Week 9

Anders dan de andere opgaven hebt u voor deze opgave de tijd tot maandag 1 december (2 1/2 week).

Automatic evaluation of Mandarin tone pronunciation.

An obvious way to evaluate a student's pronunciation is to compare it to a stored or produced reference example. If the differences are too large, the utterance is rejected.

This will be build using the Mandarin voice of eSpeak (-v zh) to generate the reference examples.

Procedure:
(Note that To DTW... for Pitch objects is hidden. You can make it visible "Praat->Preferences->Buttons...->Actions N-Z->Pitch(2): To DTW... " change to shown)

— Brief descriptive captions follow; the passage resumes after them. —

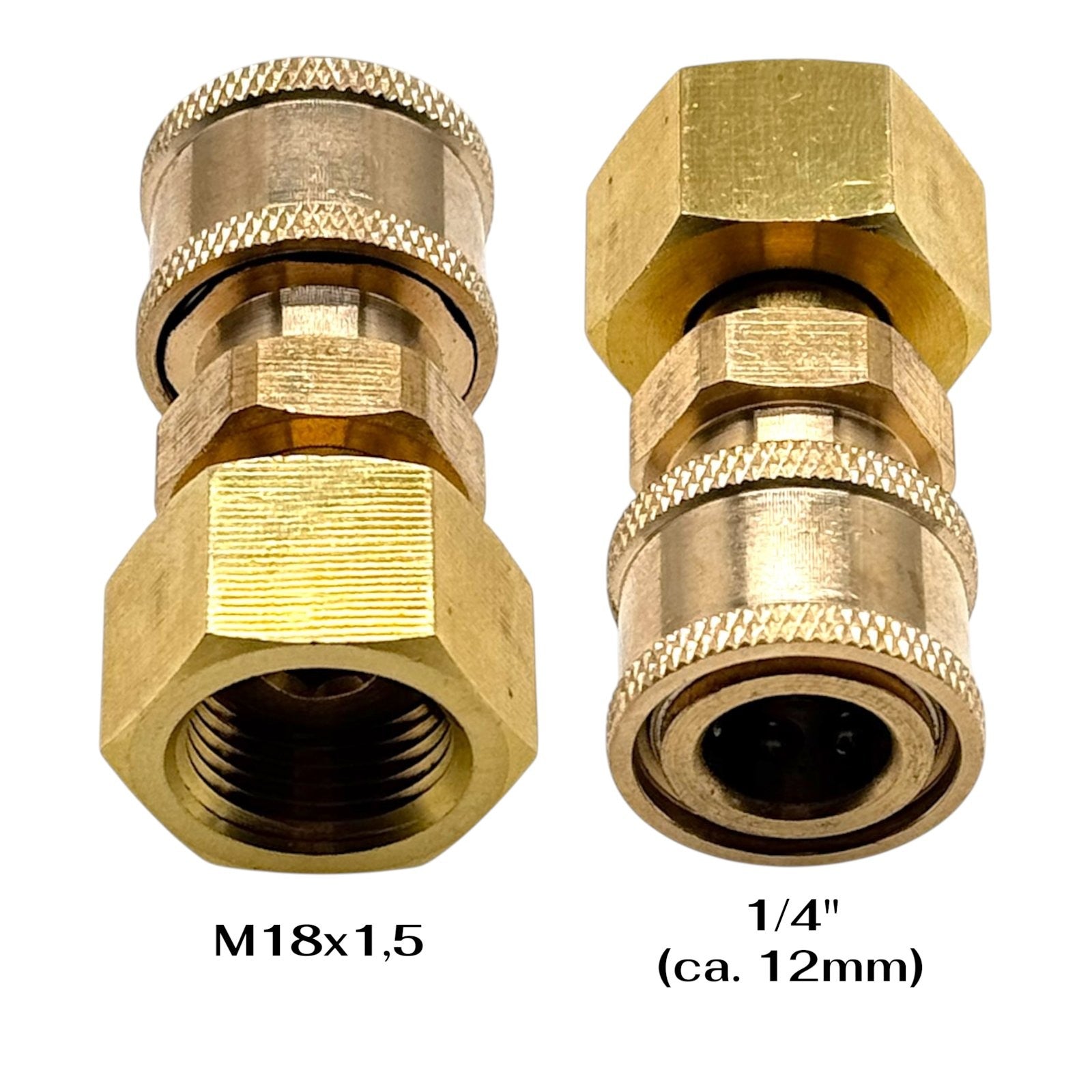 Hochdruck Adapter für HD Reiniger M18 x1,5 IG auf 1/4" Schnellkupplung Buchse1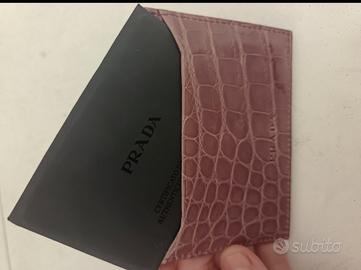 Porta carte Prada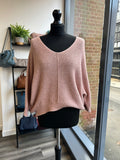 Supersoft Short Batwing Waffle Knit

  1. Generate reference utterance:
    espeak -v zh "shuo1 hao3 zhong1 wen2" -w reference.wav
  2. Generate test utterance:
    Record it or use espeak (with errors!)
    espeak -v zh -g 50 -p 100 -s 100 "shuo1 hao2 zhong1 wen2" -w test.wav
  3. Read the wav files into Praat
  4. Calculate the Pitch of both test and reference utterances
  5. Normalize the reference utterance to obtain the same mean and standard deviation as the test utterance. (reject if the standard deviation is too small)
    Either:
    - Use Modify->Formula... "(self - MeanRef)*(SDtest/SDref) + MeanTest"
    - Resynthesize the reference with the new Pitch and Standard deviation
    NOTE: both can be done in Hz and in Semitones
  6. Select both the test and the normalized reference pitches -> To DTW... (fix start and end, no restrictions)
  7. Query for the final distance.
The values for the above procedure should be compared to the same values obtained by generating incorrect test utterances with eSpeak, eg, "shuo1 hao4 zhong1 wen2" or "shuo3 hao4 zhong1 wen4" using different speeds and pitch and compare them to the reference utterance.

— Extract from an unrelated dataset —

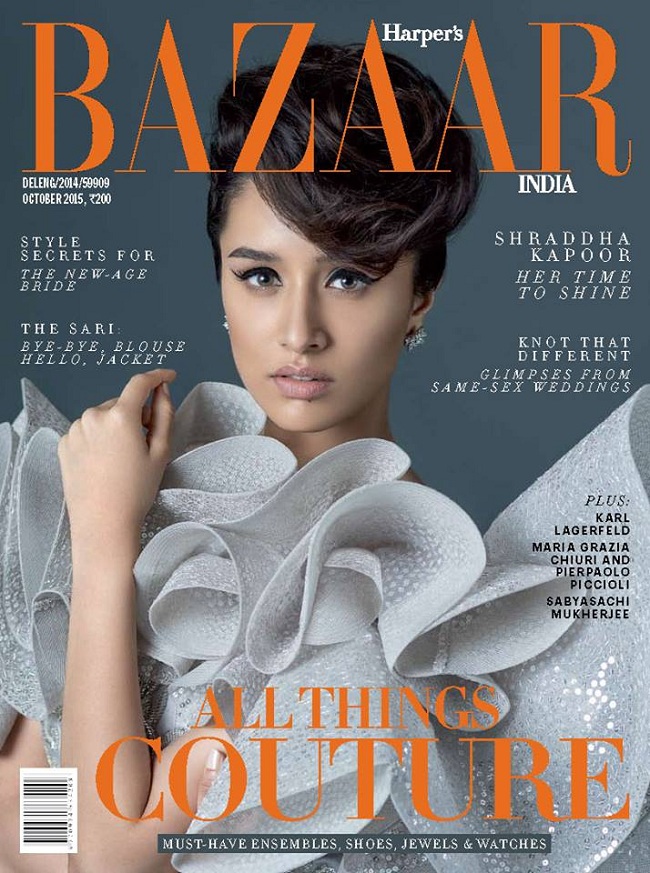 Shraddha Kapoor on Harper's Bazaar India Magazine Cover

Try to find out what kind of errors can be found this way using several four syllabic phrases. What are good boundaries for "bad" pronunciation? Why?

Example sentences and a translator can be found at the MDBG Chinese English dictionary http://us.mdbg.net/chindict/chindict.php
(note that this dictionary uses a 5 to indicate the neutral tone)

Chinese examples:
shuo1 hao3 zhong1 wen2 - Speak Good Chinese
bei3 jing1 da4 xue2 - Beijing University
xue2 sheng1 hen3 mang2 - Students are busy
chi1 he1 wan2 le4 - Eat drink and be merry
qin1 peng2 hao3 you3 - Friends and family
zi4 xing2 che1 sai4 - Bicycle race

Use Praat scripting to automate the above procedure. That is, from an input list of 4 syllabic Chinese (pinyin) phrases:
  1. Select a phrase
  2. Call eSpeak and generate the reference phrase
  3. Read it and play it to the subject
  4. Record, generate, or read the test phrase
  5. Normalize the reference phrase
  6. Use DTW to determine the distance
  7. Give feedback
  8. Clean up
  9. Pause and next phrase
(see: Praat help or http://www.fon.hum.uva.nl/david/ba_spc/2008/scripting.pdf)

Scripts released under the GNU GPL will be published on the SpeakGoodChinese web site.